An amazing research was conducted at The New York Times to measure the impact of Typography (font and related attributes that affect how the text appears) on how much we would believe in the content of the text. Conclusion: Typography does have an impact. Same statement presented in different fonts can be believed at different levels.
Readers of NYT were presented a passage arguing whether the Earth will be destroyed or not and asked to comment whether they believed it or not. The objective presented to research subjects was to determine whether he is an optimist or a pessimist. The hidden game was to measure how a particular font influences how much believable the statement in the text is. This was done by covertly changing the font for every visitor and analyzing the answers. Nice decoy!
The readers believed the text most when the font was Baskerville. When the font was Comic Sans or Georgia, they did not believe as much. Same statement with different fonts influences people differently.
Why? There can be many reasons.
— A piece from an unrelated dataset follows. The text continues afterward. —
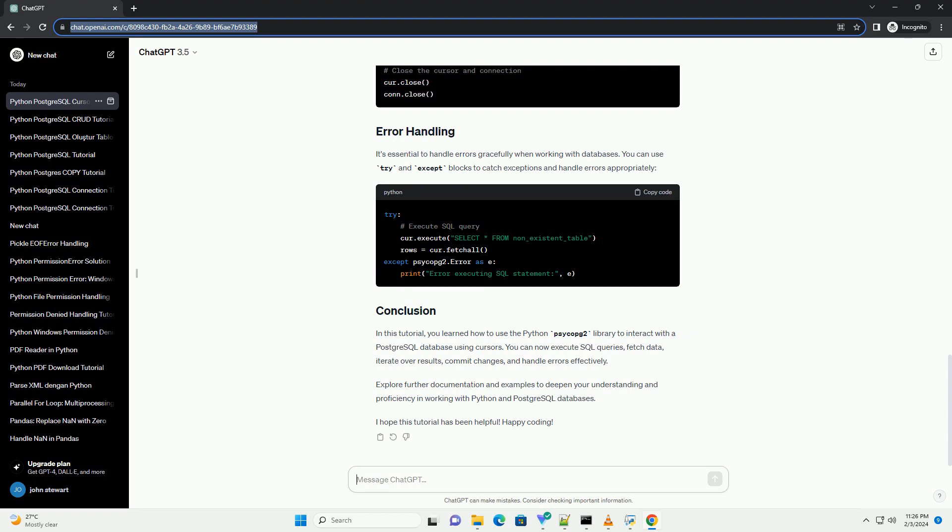In this tutorial, you learned how to use the Python Psycopg2 library to interact with a PostgreSQL database using cursors. You can now execute SQL queries, fetch data, iterate over results, commit changes, and handle errors effectively.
May be Baskerville looks more formal. May be you read a serious book printed in it. May be your textbook in college used it. May be your father preferred it for his formal writings.
But the reasons are not important and neither the research forayed into them. It wanted to make a point that I want to relay: appearances and seemingly insignificant things matter. They influence how we perceive and believe.
This is fascinating but not revolutionary or radical. Marketing folks always believed that packaging of a product can bolster its sales significantly. Ads on TV can make us buy an even lousy product. Pitchmen sell us stuff by making them irresistible even when we do not need it. Presentation matters because of the uncountable emotional and psychological associations – most of them subconscious and buried somewhere deep – we have with various entities. We subconsciously make inferences about people, proposals, ideas and text based on how it is presented. Our inferences are programmed in our brains. We may avoid it by being conscious about it and making an explicit effort not to get influenced. But the default us works differently – more in an autopilot mode.
One of my favorite reads of all times: Malcom Gladwell’s Tipping Point refers to this behavior. The book explains why some ideas, products or messages spread like viruses while others don’t even when one is as good as the other. The various factors are not always obvious nor self-evident. One factor was that we can slightly change the way a message is structured or presented – just a small subtle change – that can actually tip the message to become more receptive. A study mentioned added a small map to university’s medical center on the message encouraging students to get vaccinated. The small change tipped the message – the number of students who actually got vaccinations were significantly higher. The message was the same with or without map. The map simply nudged them slightly and made it more palatable to get vaccinated.
Interesting – but seriously, why am I telling you all this?
Well this is one of the most significant and effective communication lessons I have learned. For a Knowledge worker – a software engineer, a project manager, a lawyer, a financial analyst or a senior executive – this can be immensely powerful. Communication is their most common behavior and communication is what the listener does. By explicitly focusing on introducing small changes in our communication behaviors, we can make huge gains in results. This can be adjusting the way you greet a person, start or conclude an email, dress up for a presentation, make eye contact during a presentation, adjust the tone and pitch of your voice, improve your body posture, better your choice of words or even use Baskerville as your default font!
How would you know which small change works and which does not? Well there is no single answer to all situations. However, there is a common principle that works everywhere. Make changes to the way you communicate based on who you are communicating with and what makes sense to them.
Remember – Communication is what the Listener does! The NYT research focused on how much the reader believed in the statement – the content of the message never changed.